Task directions |
From the records below, extract only the lines running from the line with "Pennsylvania Sheraton pine chest" to the line with "Undisclosed Address Chicago, IL", both lines included, reproducing them exactly.

Data listing |

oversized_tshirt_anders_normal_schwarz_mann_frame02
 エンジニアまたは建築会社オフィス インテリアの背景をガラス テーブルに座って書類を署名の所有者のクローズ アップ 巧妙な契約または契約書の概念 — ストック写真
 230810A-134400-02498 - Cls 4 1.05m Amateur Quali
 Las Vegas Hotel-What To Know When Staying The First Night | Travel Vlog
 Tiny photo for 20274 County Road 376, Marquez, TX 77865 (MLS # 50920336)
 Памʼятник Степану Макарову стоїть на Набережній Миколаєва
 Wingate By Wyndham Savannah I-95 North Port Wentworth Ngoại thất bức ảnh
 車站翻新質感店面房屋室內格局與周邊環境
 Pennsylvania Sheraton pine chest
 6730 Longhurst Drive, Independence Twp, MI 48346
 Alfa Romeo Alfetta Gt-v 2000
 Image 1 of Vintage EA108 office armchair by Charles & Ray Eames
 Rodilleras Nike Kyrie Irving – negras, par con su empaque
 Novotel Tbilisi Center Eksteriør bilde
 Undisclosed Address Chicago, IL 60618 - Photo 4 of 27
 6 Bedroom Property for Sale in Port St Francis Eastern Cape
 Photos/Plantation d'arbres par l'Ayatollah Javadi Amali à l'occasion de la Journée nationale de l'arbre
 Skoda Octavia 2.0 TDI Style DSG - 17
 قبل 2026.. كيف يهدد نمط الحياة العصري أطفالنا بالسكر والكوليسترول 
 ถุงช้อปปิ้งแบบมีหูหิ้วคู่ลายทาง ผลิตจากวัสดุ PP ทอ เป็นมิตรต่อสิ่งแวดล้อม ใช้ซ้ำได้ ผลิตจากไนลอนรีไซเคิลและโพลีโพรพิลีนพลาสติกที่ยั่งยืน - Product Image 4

Solution to this task |
 Pennsylvania Sheraton pine chest
 6730 Longhurst Drive, Independence Twp, MI 48346
 Alfa Romeo Alfetta Gt-v 2000
 Image 1 of Vintage EA108 office armchair by Charles & Ray Eames
 Rodilleras Nike Kyrie Irving – negras, par con su empaque
 Novotel Tbilisi Center Eksteriør bilde
 Undisclosed Address Chicago, IL 60618 - Photo 4 of 27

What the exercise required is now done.